Mais de tous les privilèges dont bénéficie encore Nicolas Sarkozy, il en est un qui dure, un peu oublié, c'est celui qui me forcera à appeler Nicolas Sarkozy "Confrère", si j'avais à le croiser fortuitement à la prison de la Santé dans trois semaines lors de ma permanence commission de discipline, si tant est toutefois qu'il ne bénéficie pas d'un autre privilège, celui de voir sa demande de mise en liberté examinée en un temps record.

Si vous vous rendez sur l'annuaire du barreau de Paris  et que vous y cherchez le nom de Nicolas Sarkozy, vous constaterez que Maître Nicolas Sarkozy est toujours en exercice. Malgré sa condamnation définitive pour corruption de magistrat. Malgré le fait donc qu'une telle condamnation définitive, pour des faits aussi infamants, grossièrement contraires aux obligations déontologiques de l'avocat, aurait dû normalement aboutir à sa radiation.

Cela s'explique facilement : A l'époque , l'Ordre des avocats du barreau de Paris avait pris fait et cause pour Nicolas Sarkozy et son avocat Thierry Herzog, vent debout contre la possibilité pour les enquêteurs de pouvoir écouter les conversations secrètes entre un avocat et son client. Cette possibilité avait bien sûr été contestée par la défense de Nicolas Sarkozy, mais elle avait été in fine jugée parfaitement légale, car le secret des conversations entre un avocat et son client n'est protégé que s'il est utilisé dans l'exercice des droits de la défense et non pour commettre une infraction, ici, la corruption d'un magistrat.

Alors bien sûr, nous pouvons militer en tant qu'avocat pour que les enquêteurs coupent l'écoute dès qu'ils prennent conscience que la personne placée sur écoute converse avec son avocat, tant une telle pratique, si elle peut permettre de sanctionner des abus, a des externalités négatives énormes sur les droits de la défense dans une démocratie. Mais l'Ordre des avocats n'est pas un syndicat militant. Il doit appliquer la loi et nos règles déontologiques. A partir du moment ou la condamnation de Nicolas Sarkozy s'est faite sur une base parfaitement légale, il doit normalement en tirer les conséquences.

Mais il y a plus. Même pour des condamnations non définitives, l'Ordre peut engager des procédures disciplinaires car le pénal ne tient pas le disciplinaire en l'état. L'on pourrait comprendre qu'il s'abstienne avant la première condamnation, encore que tous nos Confrères ne bénéficient pas de la même mansuétude, voire très récemment pour une Consœur moins connue, au barreau de Rouen.
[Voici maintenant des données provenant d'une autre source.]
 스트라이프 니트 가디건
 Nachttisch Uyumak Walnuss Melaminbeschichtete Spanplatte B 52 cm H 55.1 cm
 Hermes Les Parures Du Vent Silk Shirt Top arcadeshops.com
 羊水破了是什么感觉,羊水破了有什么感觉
De plus, l'Ordre peut toujours prendre des mesures conservatoires de suspension avant toute condamnation définitive quand les soupçons à l'encontre d'un avocat sont graves, même au stade des indices graves ou concordants qui justifient une mise en examen tout en préservant la présomption d'innocence.

Qui y-a-t-il de plus grave qu'une condamnation -même frappée d'appel- pour association de malfaiteurs en rapport avec une collusion au plus haut niveau avec une puissance étrangère responsable de la mort de dizaines de Français dans un attentat? De surcroît, quand le procès a démontré que la demande de financement était une contrepartie à un éventuel pardon des auteurs de l'attentat?  Nicolas Sarkozy est présumé innocent, mais les éléments graves qui ont justifié le procès existent toujours.
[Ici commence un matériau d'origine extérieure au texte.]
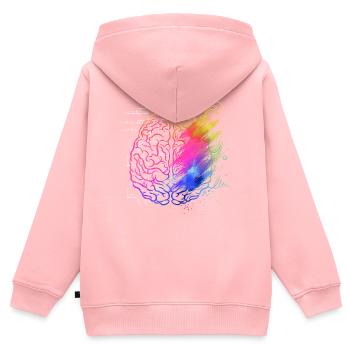 Kunstlehrer Gehirn, Mathelehrer - Kinder Premium Organic Zip Hoodie - Rosa - Hinten - AI Model Kid Female (0cm)
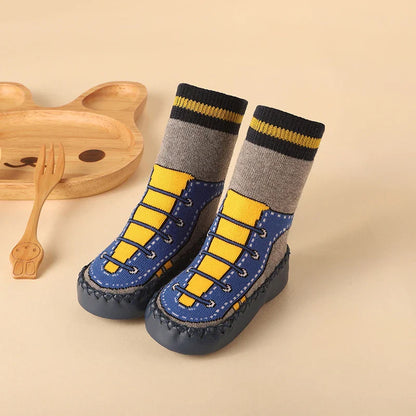 Zachte Antislip Sokken met Leren & Kurken Zool – Comfortabel voor Kinderen!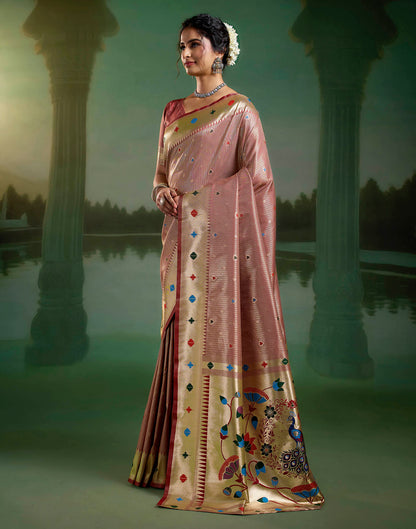 Blush Pink Silk Woven Paithani Saree
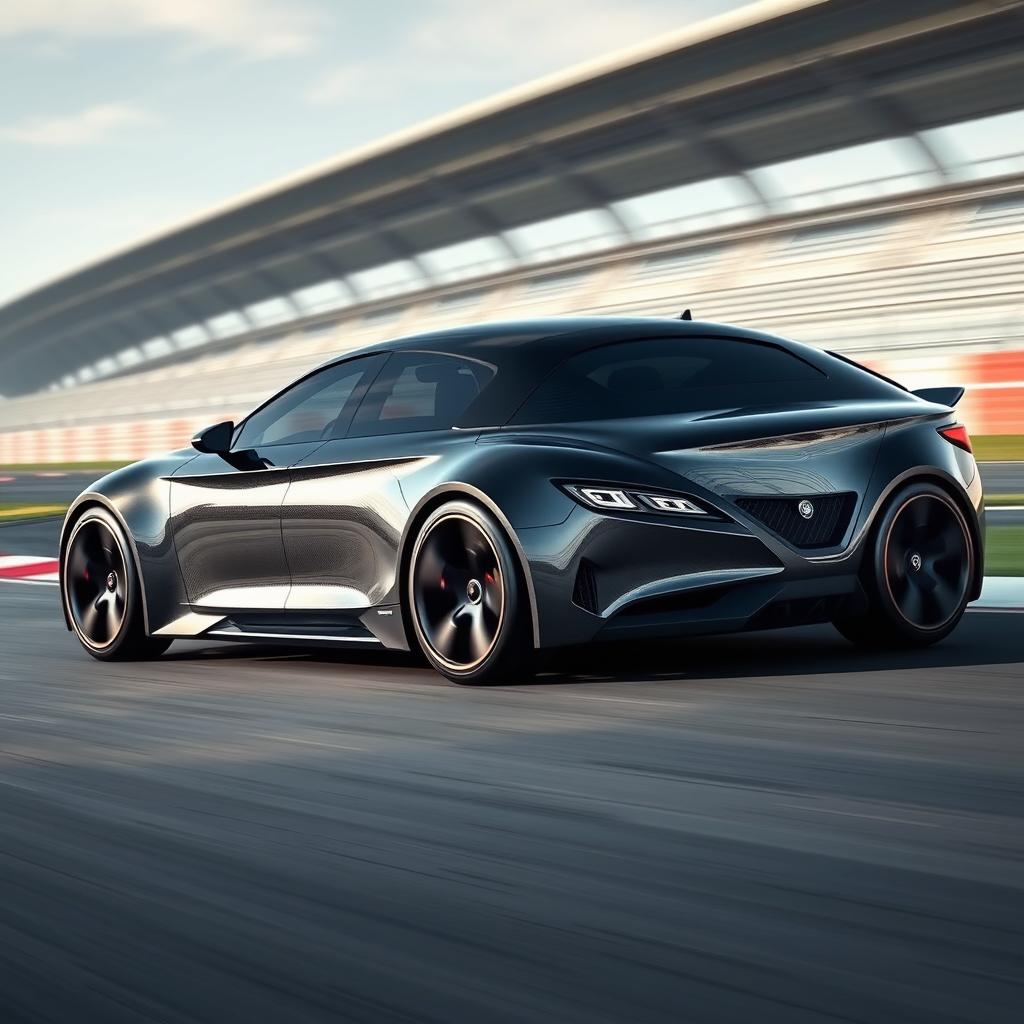 A futuristic Saab 2-door coupe featuring a stunning carbon paint finish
Sans même parler de sa condamnation en première instance et en appel dans l'affaire "Bygmalion" ou il fut convaincu d'avoir plus que doublé le plafond autorisé pour sa campagne présidentielle de 2012 avec un système de fausse facturation. Là encore, en attendant la décision de la Cour de cassation il est présumé innocent.

Le Barreau a fourni une réponse, dans Le Monde de ce jour : "Inscrit au barreau de Paris depuis 1981, il est « propriétaire de parts [34 %] de son cabinet » d’avocats qu’il a cofondé en 1987, Realyze (6,8 millions d’euros de chiffre d’affaires en 2024), spécialisé en droit des affaires. A ce stade, le barreau de Paris attend un jugement définitif dans l’affaire libyenne avant de vérifier, le cas échéant, si l’intéressé a commis une faute dans l’exercice de ce métier."

Cette raison donnée est une contre vérité. Il n'est absolument pas besoin que l'infraction pénale soit commise strictement en tant qu'avocat pour faire l'objet d'une sanction disciplinaire. Notre serment nous oblige à la probité et à la dignité dans tous les pans de notre vie, et dans toutes nos activités, liées à l'avocature ou non. Et comme dit précédemment, il n'est pas besoin d'une condamnation définitive pour prononcer une sanction disciplinaire, et a fortiori pour prendre des mesures conservatoires devant la gravité des faits.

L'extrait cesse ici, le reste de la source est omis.